## What is needed
Dropping every picture, set down exactly the lines in the entries below, starting with the line with "kwmobile 1x Custodia" and going on through the line with "Antenna elettronica stereo".

## Dataset records
● ● ● ●

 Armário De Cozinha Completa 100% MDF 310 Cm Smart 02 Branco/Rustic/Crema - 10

● ● ● ●

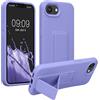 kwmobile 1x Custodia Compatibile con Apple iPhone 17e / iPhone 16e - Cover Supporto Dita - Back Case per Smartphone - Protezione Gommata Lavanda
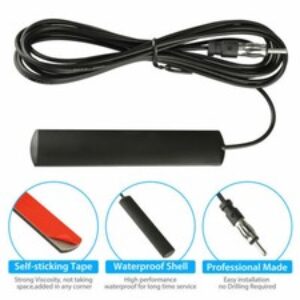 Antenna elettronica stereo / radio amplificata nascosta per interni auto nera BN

● ● ● ●

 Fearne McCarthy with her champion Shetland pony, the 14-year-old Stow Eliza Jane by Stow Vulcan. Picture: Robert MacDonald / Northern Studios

● ● ● ●

## Exercise result
 kwmobile 1x Custodia Compatibile con Apple iPhone 17e / iPhone 16e - Cover Supporto Dita - Back Case per Smartphone - Protezione Gommata Lavanda
 Antenna elettronica stereo / radio amplificata nascosta per interni auto nera BN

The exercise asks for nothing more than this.